My mother's side of the family was both harder and easier. My maternal
grandmother was still alive when I started my research and she was a
wonderful source of information, although again her knowledge of details
was rather hit and miss. She came from another big family, one of a
dozen children with a couple of half siblings as well. Having that
extra generation to question made starting my research much easier, as
well as the fact that my maternal ancestors had been in Victoria, Australia for a
few generations. It was when I went back further that life got harder -
my paternal ancestors are all English, but on the maternal side I have
Irish, Scottish and German as well, and I quickly discovered these could
be harder to trace. My one year of high school German was not much
help at all with deciphering old handwritten German records.

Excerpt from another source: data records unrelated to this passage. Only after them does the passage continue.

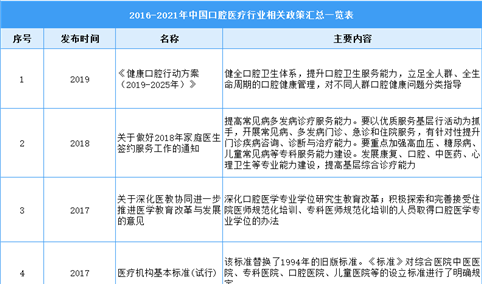 2021年中国口腔医疗行业最新政策汇总一览（图）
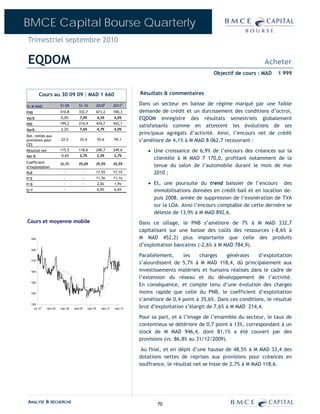BMCE Capital Bourse Quarterly
Trimestriel septembre 2010

EQDOM                                                                                                                                    Acheter
                                                                                                                   Objectif de cours : MAD     1 999



         Cours au 30 09 09 : MAD 1 660                                              Résultats & commentaires

En M MAD                 S1-09          S1-10                2010E       2011P      Dans un secteur en baisse de régime marqué par une faible
PNB                      310,8         332,7                 673,2       700,3      demande de crédit et un durcissement des conditions d’octroi,
Var%                     0,0%           7,0%                 4,3%        4,0%       EQDOM enregistre des résultats semestriels globalement
RBE                      199,2         214,4                 434,7       452,1
                                                                                    satisfaisants comme en attestent les évolutions de ses
Var%                     2,2%           7,6%                 4,7%        4,0%
Dot. nettes aux
                                                                                    principaux agrégats d’activité. Ainsi, l’encours net de crédit
provisions pour          22,5           33,4                 55,6        59,1       s’améliore de 4,1% à M MAD 8 062,7 recouvrant :
CES
Résultat net             115,5         118,6                 240,7       249,6         • Une croissance de 6,9% de l’encours des créances sur la
Var %                    -0,6%          2,7%                 2,5%        3,7%
                                                                                         clientèle à M MAD 7 170,0, profitant notamment de la
Coefficient              36,0%         35,6%                 35,5%       35,5%
d’exploitation                                                                           tenue du salon de l’automobile durant le mois de mai
RoE                         -                 -              17,5%       17,1%           2010 ;
P/E                         -                 -              11,5x       11,1x
P/B                         -                 -              2,0x        1,9x          • Et, une poursuite du trend baissier de l’encours des
D/Y                         -                 -              6,0%        6,6%            immobilisations données en crédit-bail et en location de-
                                                                                         puis 2008, année de suppression de l’exonération de TVA
                                                                                         sur la LOA. Ainsi l’encours comptable de cette dernière se
                                                                                         déleste de 13,9% à M MAD 892,6.
Cours et moyenne mobile                                                             Dans ce sillage, le PNB s’améliore de 7% à M MAD 332,7
                                                                                    capitalisant sur une baisse des coûts des ressources (-8,6% à
  1900                                                                              M MAD 452,2) plus importante que celle des produits
                                                                                    d’exploitation bancaires (-2,6% à M MAD 784,9).
  1800

                                                                                    Parallèlement,     les    charges     générales   d’exploitation
                                                                                    s’alourdissent de 5,7% à M MAD 118,4, dû principalement aux
  1700


  1600                                                                              investissements matériels et humains réalisés dans le cadre de
                                                                                    l’extension du réseau et du développement de l’activité.
                                                                                    En conséquence, et compte tenu d’une évolution des charges
  1500


  1400                                                                              moins rapide que celle du PNB, le coefficient d’exploitation
                                                                                    s’améliore de 0,4 point à 35,6%. Dans ces conditions, le résultat
  1300
     oct.-07   mars-08   sept.-08   mars-09       sept.-09     mars-10   sept.-10   brut d’exploitation s’élargit de 7,6% à M MAD 214,4.
                                                                                    Pour sa part, et à l’image de l’ensemble du secteur, le taux de
                                                                                    contentieux se détériore de 0,7 point à 13%, correspondant à un
                                                                                    stock de M MAD 946,4, dont 81,1% a été couvert par des
                                                                                    provisions (vs. 86,8% au 31/12/2009).

                                                                                     Au final, et en dépit d’une hausse de 48,5% à M MAD 33,4 des
                                                                                    dotations nettes de reprises aux provisions pour créances en
                                                                                    souffrance, le résultat net se hisse de 2,7% à M MAD 118,6.




ANALYSE & RECHERCHE                                                                        70
 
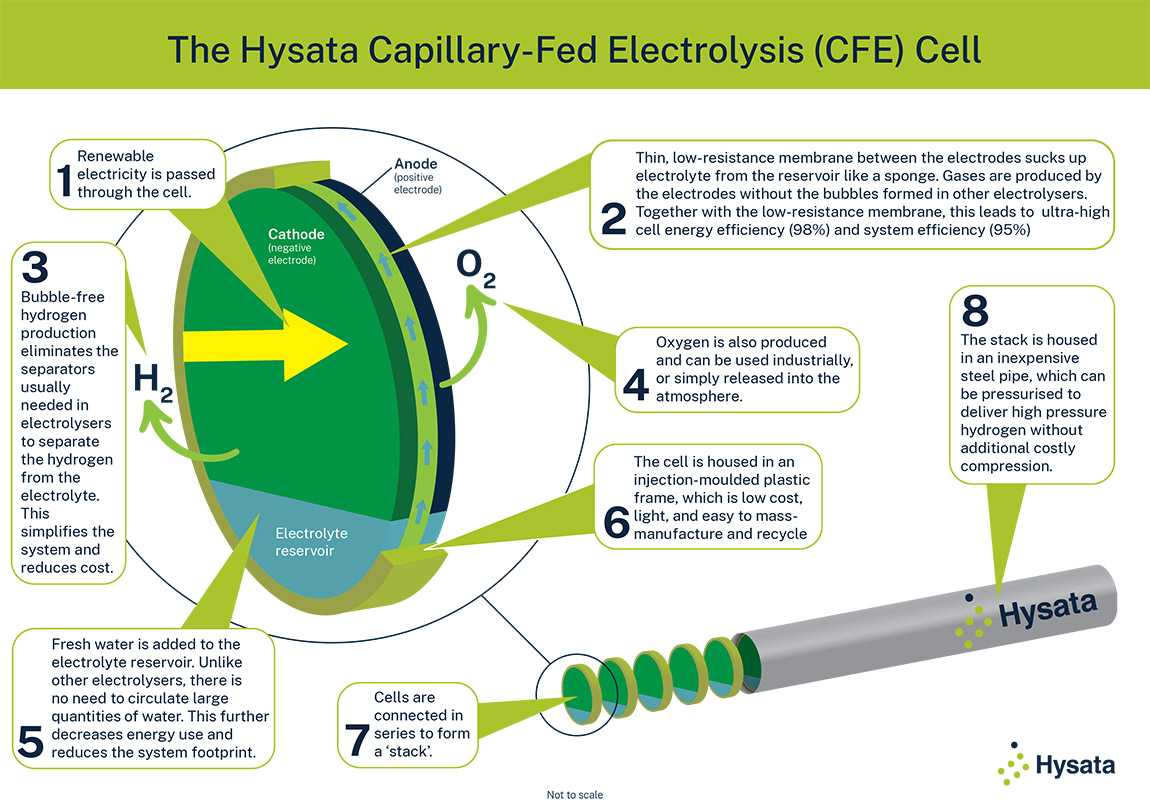 Hysata: Australian firm promises to slash cost of green hydrogen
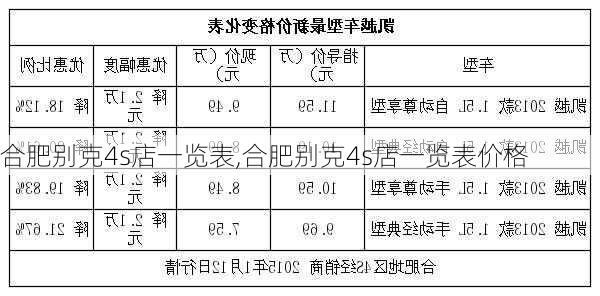 合肥别克4s店一览表,合肥别克4s店一览表价格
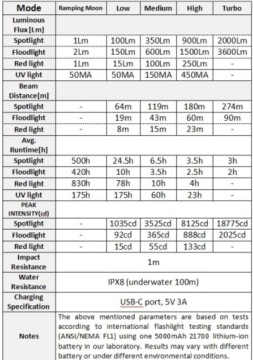 Wurkkos DL08 LED TORCH лампа для дайвинга 3600 люмен ПОД ВОДОЙ
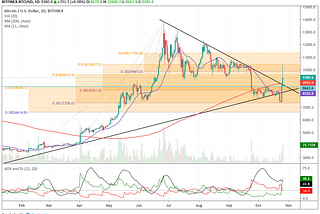 Bitcoin Analysis: 26/10/2019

Looking back, I can also see the many mistakes and research errors I made during those early years. I was still in High School, I had done no training in Genealogical research methods, and basically made it all up as I went along, recording details as I uncovered them haphazardly in a series of notebooks. I accepted family stories and legends as completely correct, I didn't record where I found a number of documents, and a couple of times I incorrectly assumed a family relationship based on data that fit 'well enough' and spent months chasing a family that wasn't actually related. Much of the work I did back then had to be redone years later and started researching with a bit more methodology.
It wasn't all wasted effort, however, and I found myself with copies of photographs that have since disappeared, and with notebooks full of stories and memories of family members who have since passed away. In several cases VERIFYING those stories exposed inaccuracies or added details, but had I not made such an early beginning in family history I would have missed out on those stories completely.